La novità più recente sta nel fatto che la questione demografica interessa oggi la generalità dei territori regionali, con la sola parziale eccezione delle aree suburbane. Si tratta di un fenomeno comune ai paesi a sviluppo maturo, ma che trova in Italia una particolare intensità, con picchi preoccupanti in alcune aree (in particolare il Sud). Tornando alla Toscana, per la prima volta dal dopoguerra, nel 2015 la popolazione complessiva ha iniziato a diminuire. Nel triennio 2016-19 la regione ha perso l’1% della popolazione, con risultati lievemente peggiori per le aree montane, le più periferiche e i comuni più piccoli (Tabella1). In uno scenario al 2051 si stima un’ulteriore contrazione, pari al -11% della popolazione regionale.

Si tratta dunque di un problema generalizzato, che comporta la progressiva riduzione della forza lavoro e che pertanto deve essere affrontato sia con politiche di lungo periodo (sostegni alla natalità e alla genitorialità), che con interventi ad effetto più immediato (programmazione dei flussi migratori e politiche di integrazione).
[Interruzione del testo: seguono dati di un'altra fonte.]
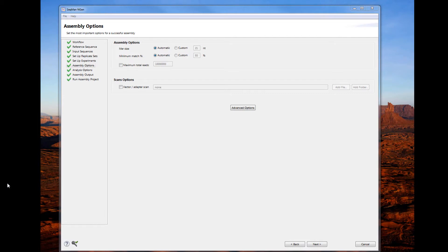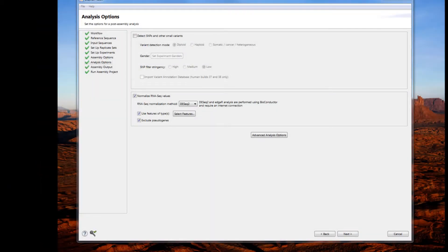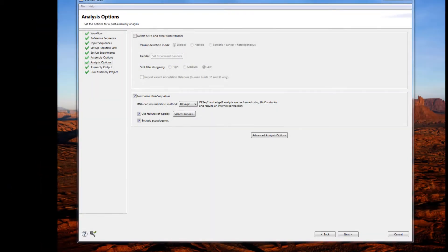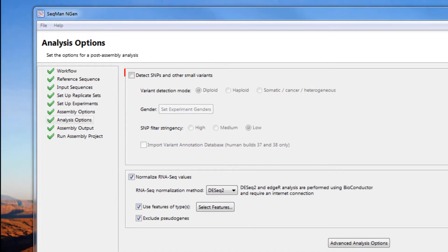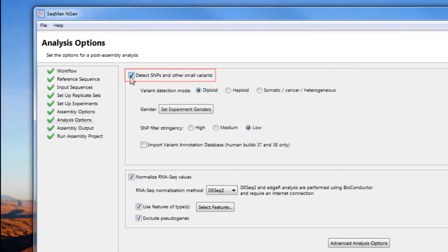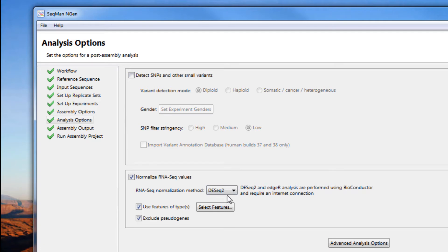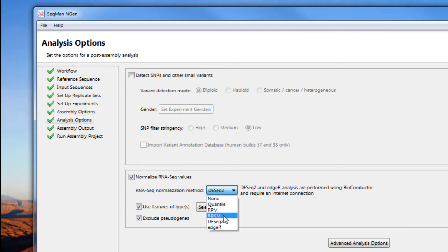In the Analysis Options page, you have the option to turn on or off variant detection by clicking the box here. In addition, you can change the normalization methods. SeqMan Engine suggests a normalization method based on your experiment setup, but you can choose to use any of the normalization methods listed.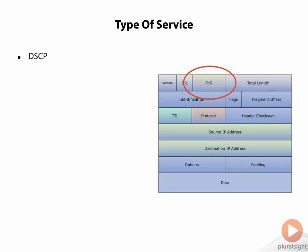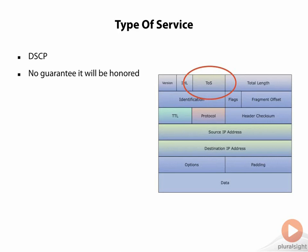The problem that we run into here is that there's no guarantee that that marking is going to be honored throughout the network. But that's what the type of service field is. It's differentiated services code points or part of the DiffServ quality of service model that we use to offer differentiated services to different types of data.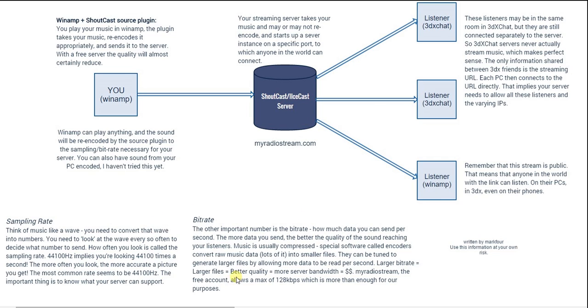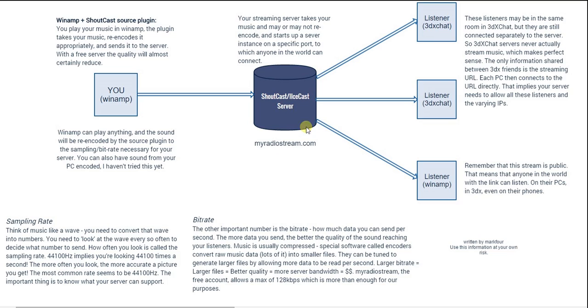You can pause the video and read this block of text here to understand what those terms mean to some extent. You don't really have to know what exactly they mean technically, but you should know what you're getting when you sign up for an account at MyRadioStream.com.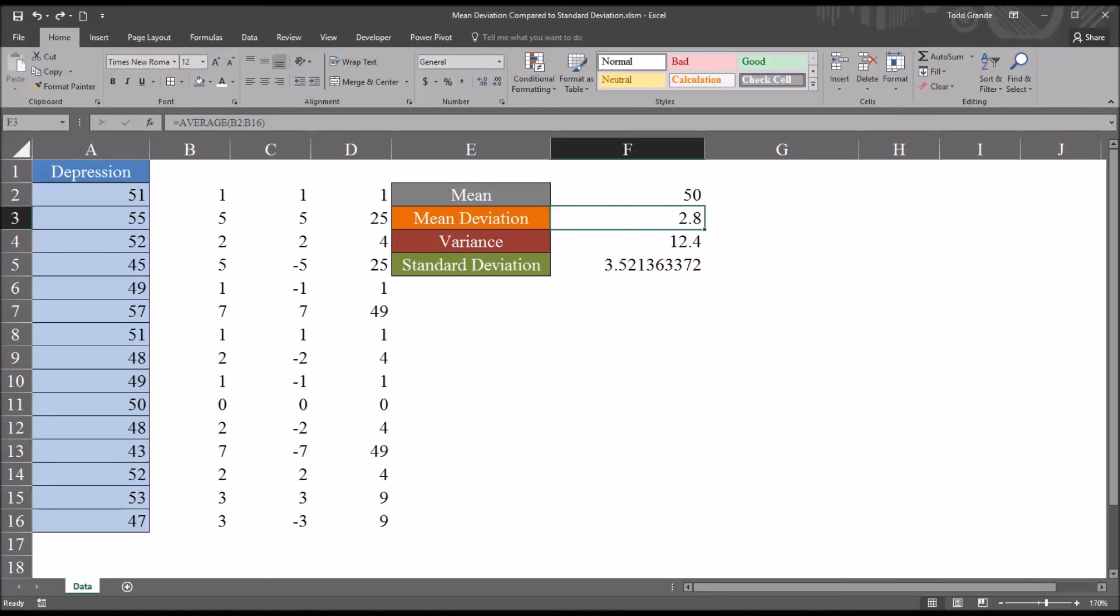I hope you found this comparison of the mean deviation and the standard deviation to be helpful. As always, if you have any questions or concerns, feel free to contact me. I'll be happy to assist you.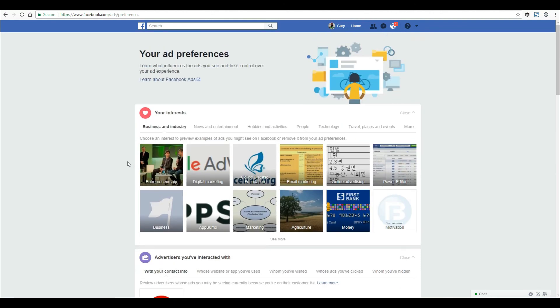Hopefully this showed you where you can find and edit your information and some tips on how to keep a semblance of privacy if you prefer to use the Facebook platform. Thank you very much and have a good day.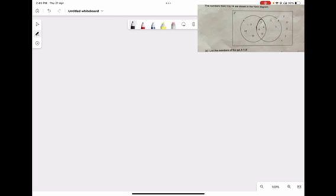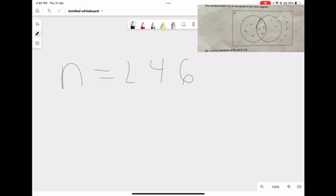Our first question says, list the members of the set A intersection B. So when we say intersection, or this sign, we basically mean what's inside the middle, or what are the numbers in the middle of the circles. And in this case, our numbers are 2, 4, 6, and 12.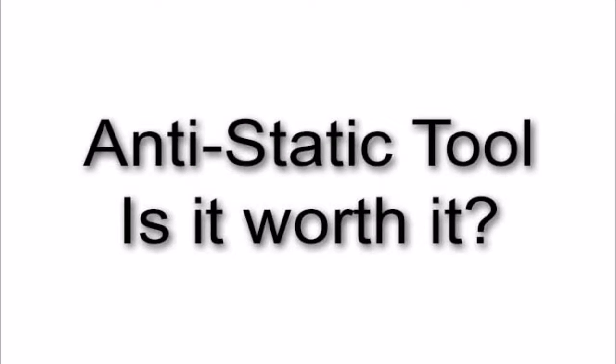Hey everyone, it's Lindsay and I wanted to answer a question that I found a lot online. Is an anti-static tool really worth the investment?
In questa fase storica dello sviluppo, anche le aree montane, rurali e periferiche possono giocare un ruolo di rilievo, offrendo opportunità di insediamento (accesso alla casa, ricomposizione fondiaria) e lavoro in alcuni settori specifici (silvicoltura, agricoltura, manifattura, servizi alla persona).

Una volta superata l’emergenza sanitaria, che ha avuto impatti pesanti anche sulle aree montane, in particolare su quelle fortemente turistiche (Grafico 2), il nuovo modello di sviluppo, orientato alla sostenibilità ambientale, al riequilibrio territoriale e sociale e all’uso intenso delle nuove tecnologie (il Green Deal europeo, integrato poi nel Next Generation- Recovery Plan) apre senza dubbio nuove opportunità per le aree periferiche.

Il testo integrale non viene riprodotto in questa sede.